HEDGEHOG provides a Typer-based command-line interface. The primary command is hedgehog, with hedge available as a short alias. Both are interchangeable.

uv run hedgehog --help uv run hedge --help

Commands

CommandDescription
runRun the pipeline explicitly as a subcommand
reportRegenerate the HTML report from an existing run
infoDisplay pipeline information and available stages
versionDisplay version information
setupInstall optional external tools and assets
tuiLaunch the interactive TUI (Terminal User Interface)

hedgehog (default pipeline command)

The root CLI command executes the evaluation pipeline by default. It runs all enabled stages using the configuration at src/hedgehog/configs/config.yml.

uv run hedgehog [OPTIONS]

The same pipeline command is also available as an explicit subcommand:

uv run hedgehog run [OPTIONS]

Options

OptionShortTypeDefaultDescription
--config-cTEXTsrc/hedgehog/configs/config.ymlMaster YAML config path.
--mols-mTEXTNoneInput molecule table path or glob. Overrides config input. Prefer CSV/TSV with a smiles header.
--out-oTEXTNoneOutput directory override (folder_to_save).
--stage-sSTAGENoneRun one or more stages only. Repeat --stage to select multiple stages. Uses config molecules unless --mols is provided. See hedgehog info for stage descriptions.
--reuseFLAGFalseReuse existing results folder.
--force-newFLAGFalseAlways create a new results folder.
--auto-installFLAGFalseAuto-install missing optional tools without prompts.
--progressFLAGFalseShow live progress bar.
--large-datasetFLAGFalseStream large molecule libraries in chunks, write row-level .parts shards, and skip plots/report-heavy outputs. Filters are calculated by default but do not remove molecules unless large_dataset_filter_data: true.

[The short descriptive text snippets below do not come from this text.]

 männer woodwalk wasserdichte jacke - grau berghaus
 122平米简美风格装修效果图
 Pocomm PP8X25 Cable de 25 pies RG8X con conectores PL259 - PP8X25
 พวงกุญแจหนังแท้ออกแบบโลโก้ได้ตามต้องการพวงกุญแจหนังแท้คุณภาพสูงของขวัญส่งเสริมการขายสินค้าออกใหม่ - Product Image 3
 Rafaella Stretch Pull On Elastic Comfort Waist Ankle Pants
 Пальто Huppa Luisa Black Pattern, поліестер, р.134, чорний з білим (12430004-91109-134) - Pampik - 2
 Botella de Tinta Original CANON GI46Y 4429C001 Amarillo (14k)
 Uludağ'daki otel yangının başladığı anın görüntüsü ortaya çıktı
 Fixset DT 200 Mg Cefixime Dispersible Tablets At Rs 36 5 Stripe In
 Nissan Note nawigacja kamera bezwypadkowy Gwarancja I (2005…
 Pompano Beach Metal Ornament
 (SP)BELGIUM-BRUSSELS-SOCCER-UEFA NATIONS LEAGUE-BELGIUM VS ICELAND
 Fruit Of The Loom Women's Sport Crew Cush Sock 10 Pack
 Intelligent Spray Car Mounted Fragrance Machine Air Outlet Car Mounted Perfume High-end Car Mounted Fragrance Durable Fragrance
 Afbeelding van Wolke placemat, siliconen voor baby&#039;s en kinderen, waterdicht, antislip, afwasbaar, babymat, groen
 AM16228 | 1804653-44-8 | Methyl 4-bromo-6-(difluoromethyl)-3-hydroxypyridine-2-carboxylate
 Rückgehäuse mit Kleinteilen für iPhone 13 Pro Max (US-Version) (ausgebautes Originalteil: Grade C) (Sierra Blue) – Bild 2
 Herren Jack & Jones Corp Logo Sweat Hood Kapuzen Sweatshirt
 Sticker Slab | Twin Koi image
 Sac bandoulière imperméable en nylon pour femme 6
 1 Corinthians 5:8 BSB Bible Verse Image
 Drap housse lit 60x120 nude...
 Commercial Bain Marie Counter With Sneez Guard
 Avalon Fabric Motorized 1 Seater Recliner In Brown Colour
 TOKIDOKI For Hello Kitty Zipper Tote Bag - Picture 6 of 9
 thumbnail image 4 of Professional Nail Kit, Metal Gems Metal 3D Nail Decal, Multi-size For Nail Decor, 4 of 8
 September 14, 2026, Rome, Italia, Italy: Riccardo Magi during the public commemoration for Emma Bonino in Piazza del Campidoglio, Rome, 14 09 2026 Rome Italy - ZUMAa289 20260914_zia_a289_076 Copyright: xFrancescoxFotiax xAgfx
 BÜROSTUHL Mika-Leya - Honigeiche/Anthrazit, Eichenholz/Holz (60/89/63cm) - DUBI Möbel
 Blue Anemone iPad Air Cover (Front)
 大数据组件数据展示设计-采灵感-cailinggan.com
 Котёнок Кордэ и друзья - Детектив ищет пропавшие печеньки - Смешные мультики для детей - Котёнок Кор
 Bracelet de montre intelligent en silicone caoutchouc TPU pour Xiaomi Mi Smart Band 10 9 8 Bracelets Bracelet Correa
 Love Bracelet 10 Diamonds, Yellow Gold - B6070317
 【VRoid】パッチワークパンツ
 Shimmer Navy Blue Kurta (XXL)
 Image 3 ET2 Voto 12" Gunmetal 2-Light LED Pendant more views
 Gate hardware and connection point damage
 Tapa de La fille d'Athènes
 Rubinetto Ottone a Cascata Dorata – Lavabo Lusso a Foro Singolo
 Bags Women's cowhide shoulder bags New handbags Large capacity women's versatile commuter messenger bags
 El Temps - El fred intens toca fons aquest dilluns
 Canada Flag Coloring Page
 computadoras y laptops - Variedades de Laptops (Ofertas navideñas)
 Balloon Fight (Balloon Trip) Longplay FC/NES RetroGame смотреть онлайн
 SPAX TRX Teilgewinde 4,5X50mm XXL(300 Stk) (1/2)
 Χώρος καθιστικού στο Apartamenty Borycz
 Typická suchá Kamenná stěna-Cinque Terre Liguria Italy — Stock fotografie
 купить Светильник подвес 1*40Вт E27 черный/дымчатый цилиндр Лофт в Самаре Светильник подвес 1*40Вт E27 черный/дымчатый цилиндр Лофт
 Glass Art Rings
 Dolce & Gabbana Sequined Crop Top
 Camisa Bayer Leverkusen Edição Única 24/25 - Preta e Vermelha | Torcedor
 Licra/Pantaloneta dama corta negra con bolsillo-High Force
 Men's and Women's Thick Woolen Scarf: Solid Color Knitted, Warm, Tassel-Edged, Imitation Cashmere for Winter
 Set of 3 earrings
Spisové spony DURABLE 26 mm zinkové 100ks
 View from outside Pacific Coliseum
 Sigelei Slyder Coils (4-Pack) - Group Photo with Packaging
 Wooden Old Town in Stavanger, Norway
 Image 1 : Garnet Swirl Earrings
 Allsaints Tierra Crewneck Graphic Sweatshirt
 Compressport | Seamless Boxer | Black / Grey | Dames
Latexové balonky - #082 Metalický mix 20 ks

The --reuse and --force-new flags are mutually exclusive. Using both will produce an error.

The --out option cannot be used together with --reuse or --force-new.

The progress bar is disabled by default in CLI runs. Use --progress when you want live stage progress rendering.

Use --large-dataset for PubChem/Enamine-scale statistics runs. It stores intermediate row-level tables as compressed shard directories such as filtered_molecules.parts/ and descriptors_all.parts/, uses large_dataset_chunk_rows from the master config, and skips plots plus HTML report generation. Without an explicit --stage selection, large-dataset mode runs the scalable statistics path: mol_prep, descriptors, struct_filters, and synthesis. Descriptor, structural, and synthesis filters are calculated by default, but downstream large-mode outputs keep all molecules unless large_dataset_filter_data: true. The synthesis stage skips AiZynthFinder retrosynthesis in large-dataset mode.

When you request any stage other than mol_prep, the pipeline may still run mol_prep first if the Mol Prep stage is enabled in config_mol_prep.yml. This is intentional: downstream stages operate on standardized molecules when that preprocessing stage is active.

Available Stages

Each --stage occurrence accepts one of the following values:

StageDescription
mol_prepStandardize and filter molecules (salts/fragments, metals, charges, tautomers, stereo)
descriptorsCompute 22 physicochemical descriptors per molecule
struct_filtersApply structural filters (Lilly, NIBR, PAINS, etc.)
synthesisEvaluate synthetic accessibility using retrosynthesis (AiZynthFinder) and other metrics
dockingCalculate docking scores with SMINA/GNINA/Matcha
docking_filtersFilter docking poses by quality and interactions
final_descriptorsRecompute descriptors on the final filtered set

When running --stage struct_filters, input resolution is:

  1. Existing descriptors output (if present in the run folder)
  2. MolPrep output
  3. Sampled molecules input

Input File Contract

Recommended input is CSV/TSV with a smiles header:

smiles,model_name CCO,demo CCN,demo

Required:

  • smiles

Optional:

  • model_name or name
  • mol_idx

If mol_idx is missing, HEDGEHOG assigns it automatically. Headerless .smi-style files are supported for simple one-SMILES-per-line inputs, but CSV/TSV is the clearest format for production runs.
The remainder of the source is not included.